* [Work to be completed]: The result should be the listing below restated word for word, with images left out.

* [Exercise data]:
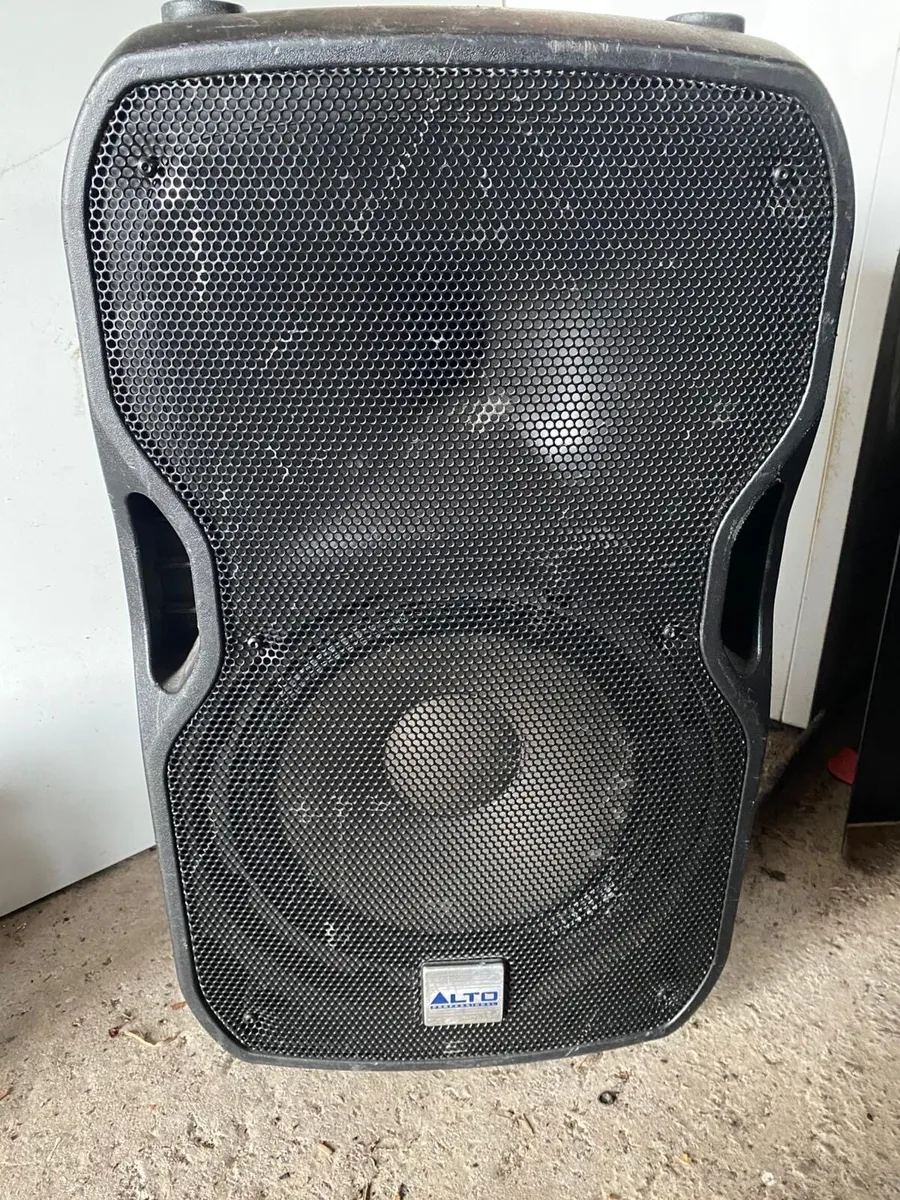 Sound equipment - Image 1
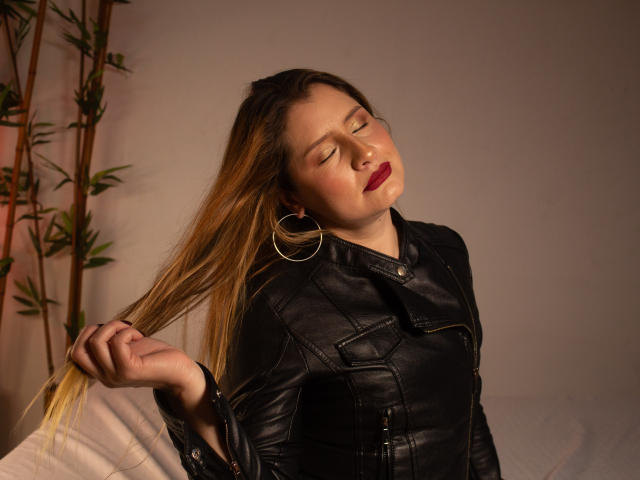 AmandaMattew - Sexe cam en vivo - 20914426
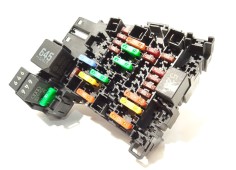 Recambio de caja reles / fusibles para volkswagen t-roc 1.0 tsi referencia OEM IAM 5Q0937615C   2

* [Response area]:
 Sound equipment - Image 1
 AmandaMattew - Sexe cam en vivo - 20914426
 Recambio de caja reles / fusibles para volkswagen t-roc 1.0 tsi referencia OEM IAM 5Q0937615C   2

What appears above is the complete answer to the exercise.